(The problem): Would you please repeat the data exactly as given?

(Provided material):
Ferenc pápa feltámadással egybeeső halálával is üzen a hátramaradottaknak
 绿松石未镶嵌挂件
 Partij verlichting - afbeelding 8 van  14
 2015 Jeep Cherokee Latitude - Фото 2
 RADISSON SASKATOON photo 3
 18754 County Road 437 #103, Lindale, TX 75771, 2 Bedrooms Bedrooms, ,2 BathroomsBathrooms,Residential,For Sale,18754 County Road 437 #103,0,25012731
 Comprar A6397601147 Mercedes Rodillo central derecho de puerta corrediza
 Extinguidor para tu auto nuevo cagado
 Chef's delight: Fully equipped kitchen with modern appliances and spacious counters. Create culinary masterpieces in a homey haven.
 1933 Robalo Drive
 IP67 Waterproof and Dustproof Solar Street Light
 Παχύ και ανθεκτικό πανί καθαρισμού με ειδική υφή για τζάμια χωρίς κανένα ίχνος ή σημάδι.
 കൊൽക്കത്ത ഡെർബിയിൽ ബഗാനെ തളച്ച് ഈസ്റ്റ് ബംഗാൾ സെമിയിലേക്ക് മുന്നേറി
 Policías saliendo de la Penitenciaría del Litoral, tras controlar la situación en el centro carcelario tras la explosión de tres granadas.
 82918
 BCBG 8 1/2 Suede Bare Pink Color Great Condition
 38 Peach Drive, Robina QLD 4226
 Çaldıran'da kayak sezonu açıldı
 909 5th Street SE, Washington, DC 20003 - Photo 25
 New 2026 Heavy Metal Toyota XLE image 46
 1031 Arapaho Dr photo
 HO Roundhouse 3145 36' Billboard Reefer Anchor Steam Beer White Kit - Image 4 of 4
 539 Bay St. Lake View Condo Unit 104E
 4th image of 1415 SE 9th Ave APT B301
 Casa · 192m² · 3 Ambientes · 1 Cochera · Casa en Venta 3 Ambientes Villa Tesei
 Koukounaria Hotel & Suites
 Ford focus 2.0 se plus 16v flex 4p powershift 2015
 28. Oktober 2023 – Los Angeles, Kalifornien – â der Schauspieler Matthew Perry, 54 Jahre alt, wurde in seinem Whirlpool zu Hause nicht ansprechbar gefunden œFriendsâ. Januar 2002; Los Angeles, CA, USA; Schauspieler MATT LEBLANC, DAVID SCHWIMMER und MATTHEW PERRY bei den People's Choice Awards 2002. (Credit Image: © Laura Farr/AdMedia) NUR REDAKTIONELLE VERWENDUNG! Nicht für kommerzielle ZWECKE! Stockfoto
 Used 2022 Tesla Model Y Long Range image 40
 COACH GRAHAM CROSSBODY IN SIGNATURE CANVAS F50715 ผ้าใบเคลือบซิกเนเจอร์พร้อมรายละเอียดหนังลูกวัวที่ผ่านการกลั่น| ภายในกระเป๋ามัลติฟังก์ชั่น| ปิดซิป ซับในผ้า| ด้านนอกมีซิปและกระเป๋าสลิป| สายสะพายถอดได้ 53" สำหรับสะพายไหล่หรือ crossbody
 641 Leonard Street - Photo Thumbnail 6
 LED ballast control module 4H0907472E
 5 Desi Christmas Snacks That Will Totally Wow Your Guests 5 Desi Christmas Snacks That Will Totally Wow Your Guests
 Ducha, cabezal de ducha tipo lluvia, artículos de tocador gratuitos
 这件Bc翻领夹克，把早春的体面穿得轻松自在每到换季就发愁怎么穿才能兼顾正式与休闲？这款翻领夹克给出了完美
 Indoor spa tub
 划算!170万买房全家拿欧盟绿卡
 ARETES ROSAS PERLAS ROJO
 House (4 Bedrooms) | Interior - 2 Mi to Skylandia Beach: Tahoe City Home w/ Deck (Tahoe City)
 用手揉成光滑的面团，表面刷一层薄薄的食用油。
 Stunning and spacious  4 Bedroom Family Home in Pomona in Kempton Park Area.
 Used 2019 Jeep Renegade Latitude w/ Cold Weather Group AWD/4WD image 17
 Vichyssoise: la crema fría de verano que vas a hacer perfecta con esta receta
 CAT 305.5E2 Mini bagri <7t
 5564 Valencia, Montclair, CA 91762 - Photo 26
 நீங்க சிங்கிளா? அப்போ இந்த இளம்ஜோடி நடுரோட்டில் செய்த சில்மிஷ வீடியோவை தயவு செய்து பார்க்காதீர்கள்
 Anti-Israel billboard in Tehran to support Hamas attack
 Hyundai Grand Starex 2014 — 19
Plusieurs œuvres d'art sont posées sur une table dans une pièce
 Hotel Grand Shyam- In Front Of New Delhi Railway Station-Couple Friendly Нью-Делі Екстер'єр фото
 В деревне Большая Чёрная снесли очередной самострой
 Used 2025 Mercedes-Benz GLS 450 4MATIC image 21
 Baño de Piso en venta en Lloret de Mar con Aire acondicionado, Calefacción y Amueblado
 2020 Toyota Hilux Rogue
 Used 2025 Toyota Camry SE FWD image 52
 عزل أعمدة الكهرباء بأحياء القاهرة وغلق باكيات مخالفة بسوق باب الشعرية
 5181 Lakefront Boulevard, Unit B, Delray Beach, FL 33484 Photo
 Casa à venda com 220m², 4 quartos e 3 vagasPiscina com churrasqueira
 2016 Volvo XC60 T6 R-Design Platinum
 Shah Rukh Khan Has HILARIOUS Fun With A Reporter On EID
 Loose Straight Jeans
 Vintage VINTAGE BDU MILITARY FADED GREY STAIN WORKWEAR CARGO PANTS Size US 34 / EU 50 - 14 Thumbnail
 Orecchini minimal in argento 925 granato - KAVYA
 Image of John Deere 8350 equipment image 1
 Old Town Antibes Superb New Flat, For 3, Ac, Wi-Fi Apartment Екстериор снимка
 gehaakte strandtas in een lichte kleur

(Solved exercise):
Ferenc pápa feltámadással egybeeső halálával is üzen a hátramaradottaknak
 绿松石未镶嵌挂件
 Partij verlichting - afbeelding 8 van  14
 2015 Jeep Cherokee Latitude - Фото 2
 RADISSON SASKATOON photo 3
 18754 County Road 437 #103, Lindale, TX 75771, 2 Bedrooms Bedrooms, ,2 BathroomsBathrooms,Residential,For Sale,18754 County Road 437 #103,0,25012731
 Comprar A6397601147 Mercedes Rodillo central derecho de puerta corrediza
 Extinguidor para tu auto nuevo cagado
 Chef's delight: Fully equipped kitchen with modern appliances and spacious counters. Create culinary masterpieces in a homey haven.
 1933 Robalo Drive
 IP67 Waterproof and Dustproof Solar Street Light
 Παχύ και ανθεκτικό πανί καθαρισμού με ειδική υφή για τζάμια χωρίς κανένα ίχνος ή σημάδι.
 കൊൽക്കത്ത ഡെർബിയിൽ ബഗാനെ തളച്ച് ഈസ്റ്റ് ബംഗാൾ സെമിയിലേക്ക് മുന്നേറി
 Policías saliendo de la Penitenciaría del Litoral, tras controlar la situación en el centro carcelario tras la explosión de tres granadas.
 82918
 BCBG 8 1/2 Suede Bare Pink Color Great Condition
 38 Peach Drive, Robina QLD 4226
 Çaldıran'da kayak sezonu açıldı
 909 5th Street SE, Washington, DC 20003 - Photo 25
 New 2026 Heavy Metal Toyota XLE image 46
 1031 Arapaho Dr photo
 HO Roundhouse 3145 36' Billboard Reefer Anchor Steam Beer White Kit - Image 4 of 4
 539 Bay St. Lake View Condo Unit 104E
 4th image of 1415 SE 9th Ave APT B301
 Casa · 192m² · 3 Ambientes · 1 Cochera · Casa en Venta 3 Ambientes Villa Tesei
 Koukounaria Hotel & Suites
 Ford focus 2.0 se plus 16v flex 4p powershift 2015
 28. Oktober 2023 – Los Angeles, Kalifornien – â der Schauspieler Matthew Perry, 54 Jahre alt, wurde in seinem Whirlpool zu Hause nicht ansprechbar gefunden œFriendsâ. Januar 2002; Los Angeles, CA, USA; Schauspieler MATT LEBLANC, DAVID SCHWIMMER und MATTHEW PERRY bei den People's Choice Awards 2002. (Credit Image: © Laura Farr/AdMedia) NUR REDAKTIONELLE VERWENDUNG! Nicht für kommerzielle ZWECKE! Stockfoto
 Used 2022 Tesla Model Y Long Range image 40
 COACH GRAHAM CROSSBODY IN SIGNATURE CANVAS F50715 ผ้าใบเคลือบซิกเนเจอร์พร้อมรายละเอียดหนังลูกวัวที่ผ่านการกลั่น| ภายในกระเป๋ามัลติฟังก์ชั่น| ปิดซิป ซับในผ้า| ด้านนอกมีซิปและกระเป๋าสลิป| สายสะพายถอดได้ 53" สำหรับสะพายไหล่หรือ crossbody
 641 Leonard Street - Photo Thumbnail 6
 LED ballast control module 4H0907472E
 5 Desi Christmas Snacks That Will Totally Wow Your Guests 5 Desi Christmas Snacks That Will Totally Wow Your Guests
 Ducha, cabezal de ducha tipo lluvia, artículos de tocador gratuitos
 这件Bc翻领夹克，把早春的体面穿得轻松自在每到换季就发愁怎么穿才能兼顾正式与休闲？这款翻领夹克给出了完美
 Indoor spa tub
 划算!170万买房全家拿欧盟绿卡
 ARETES ROSAS PERLAS ROJO
 House (4 Bedrooms) | Interior - 2 Mi to Skylandia Beach: Tahoe City Home w/ Deck (Tahoe City)
 用手揉成光滑的面团，表面刷一层薄薄的食用油。
 Stunning and spacious  4 Bedroom Family Home in Pomona in Kempton Park Area.
 Used 2019 Jeep Renegade Latitude w/ Cold Weather Group AWD/4WD image 17
 Vichyssoise: la crema fría de verano que vas a hacer perfecta con esta receta
 CAT 305.5E2 Mini bagri <7t
 5564 Valencia, Montclair, CA 91762 - Photo 26
 நீங்க சிங்கிளா? அப்போ இந்த இளம்ஜோடி நடுரோட்டில் செய்த சில்மிஷ வீடியோவை தயவு செய்து பார்க்காதீர்கள்
 Anti-Israel billboard in Tehran to support Hamas attack
 Hyundai Grand Starex 2014 — 19
Plusieurs œuvres d'art sont posées sur une table dans une pièce
 Hotel Grand Shyam- In Front Of New Delhi Railway Station-Couple Friendly Нью-Делі Екстер'єр фото
 В деревне Большая Чёрная снесли очередной самострой
 Used 2025 Mercedes-Benz GLS 450 4MATIC image 21
 Baño de Piso en venta en Lloret de Mar con Aire acondicionado, Calefacción y Amueblado
 2020 Toyota Hilux Rogue
 Used 2025 Toyota Camry SE FWD image 52
 عزل أعمدة الكهرباء بأحياء القاهرة وغلق باكيات مخالفة بسوق باب الشعرية
 5181 Lakefront Boulevard, Unit B, Delray Beach, FL 33484 Photo
 Casa à venda com 220m², 4 quartos e 3 vagasPiscina com churrasqueira
 2016 Volvo XC60 T6 R-Design Platinum
 Shah Rukh Khan Has HILARIOUS Fun With A Reporter On EID
 Loose Straight Jeans
 Vintage VINTAGE BDU MILITARY FADED GREY STAIN WORKWEAR CARGO PANTS Size US 34 / EU 50 - 14 Thumbnail
 Orecchini minimal in argento 925 granato - KAVYA
 Image of John Deere 8350 equipment image 1
 Old Town Antibes Superb New Flat, For 3, Ac, Wi-Fi Apartment Екстериор снимка
 gehaakte strandtas in een lichte kleur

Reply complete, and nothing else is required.